- Film poster
- Directed by: Elia Schneider
- Produced by: José Ramón Novoa
- Starring: Jose Gregorio Rivas Alfredo Medina Luis Campos Pelón Pedro Lander Laureano Olivares
- Release date: 8 January 1999;
- Running time: 110 minutes
- Countries: Venezuela Spain
- Language: Spanish

= Glue Sniffer =

Glue Sniffer (Huelepega: Ley de la calle) is a 1999 drama film directed by Elia Schneider. It was an international co-production between Spain and Venezuela. It was Venezuela's official Best Foreign Language Film submission at the 72nd Academy Awards, but did not manage to receive a nomination.

It won at the 2000 International Human Rights Film Festival.

==Synopsis==
The 11-year-old Oliver is driven out of his mother's house by abuse from her new boyfriend, and then he struggles to live on the streets. He tries to avoid the crime common to young homeless children, but life gets harder when a drug gang tries to recruit him.

==Cast==
- Jose Gregorio Rivas - Oliver
- Alfredo Medina - Mocho
- Luis Campos Pelón - Chino
- Pedro Lander - Saúl
- Laureano Olivares - Pelao

== Production ==
The production examined real child homelessness as well as other social issues to inform the story, as well as using amateur actors and trying to create a documentary feel.

During filming in 1997, the Venezuelan National Institute for Minors (INAM) prevented filming from continuing over concerns for the amateur child actors involved; the production denounced this as an arbitrary block, as they had already been granted permission by courts presided over by a Juveniles Judge.

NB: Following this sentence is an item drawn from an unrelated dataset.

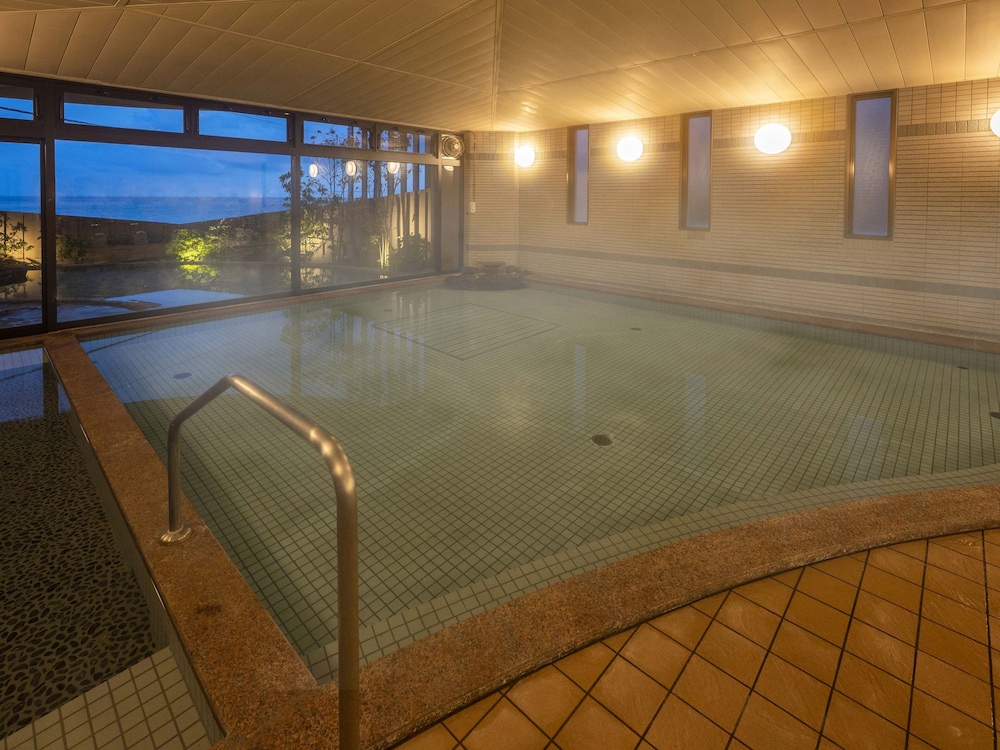 Atagawa Ocean Resort 33/60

Schneider proposed that INAM wanted to interfere with the narrative instead, as the motion allowed them to review all footage before release and unilaterally cut or edit parts in the name of protecting the image of the children. Nancy Montero from INAM said that they didn't want to prevent filming or anything else bad, they just wanted some time to edit the script before filming continued so that the children would not be psychologically harmed by the roles they were playing. However, filming had never stopped, only moved to secret locations.

== Reception ==
Economía Hoy wrote that the film was following the Latin American style of rejecting entertainment culture in favor of reflecting on society. It compares the film to the Schneider-produced and Novoa-directed 1994 Sicario, which also uses commonplace violence to enhance its narrative. Luisela Alvaray compared the film to Buñuel's Los Olvidados.

Rodolfo Izaguirre complements the film as having "merits that are not always found in other Venezuelan films: a worked script[,] efficient production work[,] art direction and costumes, and a cast in which professional actors such as Pedro Lander, Adolfo Cubas and Lucio Bueno, among others, move comfortably in the middle of real street children".

According to the Centro Nacional Autónomo de Cinematografía, the film saw a Venezuelan audience of 301,555.